Tuesday 23 October 2012

krakow


the stained glass is in the art nouveau style
The only problem with spending a week with my mum and dad in Krakow is that Gayle gets to say, for the following week at least, "You sound just like your dad/mum*" (*delete where applicable).  Of course, at this stage in my life I already know who I take after but I think Gayle forgets.  We have a wonderful time with them, looking in churches (there's a lot of 'em), wandering the streets (there's a lot of 'em), feasting on Polish foods (there's a lot of it).  We have to re-socialize now that we are dining in polite company - on the first night out Gayle has to tug my elbow to stop me from licking my plate clean.


ice cream is still a Good Thing

Krakow old town has a large medieval square at it's heart, with a grand old market hall in the centre.  There's the requisite castle, the ancient university buildings and some large merchants' houses.  Maybe it's the time of year but it seems very tranquil, although there are plenty of people around.  Probably the fact that most of the centre is closed to traffic - less noise, less stress.  

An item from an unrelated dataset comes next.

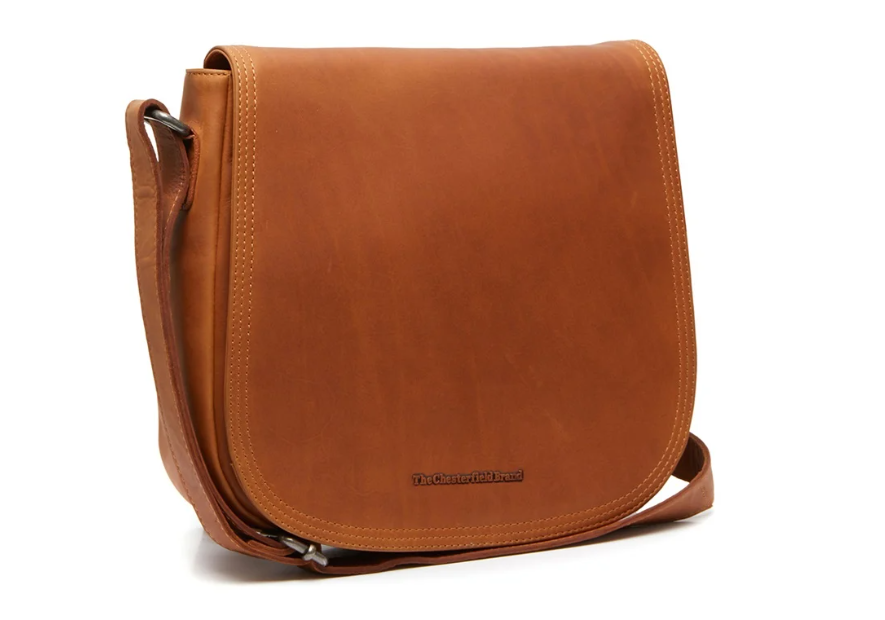 the chesterfield C48.1326 - CUIR DE VACHETTE - CO sac rabat arrondi everglades Sacs à mains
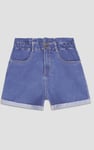Paperbag Waist Mom Fit Shorts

Aside from wandering the streets of the old town there are other places to visit including the UNESCO-listed salt mine at Wieliczka and Auschwitz.  While the salt mine is a rather jolly outing Auschwitz is an inevitably depressing experience.  The labour camp is now a museum with information and exhibitions about life and death there.  After walking around we had neither the emotional or physical energy to visit Birkenau, which was the extermination camp built close by.  Walking around we were dismayed to keep crossing paths with some young Poles who made jokes and tittered their way around the exhibits - an immature response to the displays and information : the photographs of every inmate up to 1943, with dates showing that rarely did anyone survive there for longer than six months, or the room with a display case of only the hair shorn from the inmates, kept to be sold on.  The museum emphasises the way that Poland was treated by the occupying army - a programme of exploitation, starvation and mistreatment began immediately and educated Poles, community leaders, army officers, were all executed.  It is clear that Poland firmly lays the blame for what happened to the Jews and Roma and other victims on the Germans.  And here was another statistic: an estimated 3 million Poles died during the war.

A counterbalance to all of this misery is the incredible klezmer concert we attended in one of the old synagogues in Kasimierz, which was the Jewish neighbourhood.  Four young Polish musicians, led by an accordionist, perform a collection of traditional and new  music.  It's loud, sad, raucous jazz.  Wonderful stuff.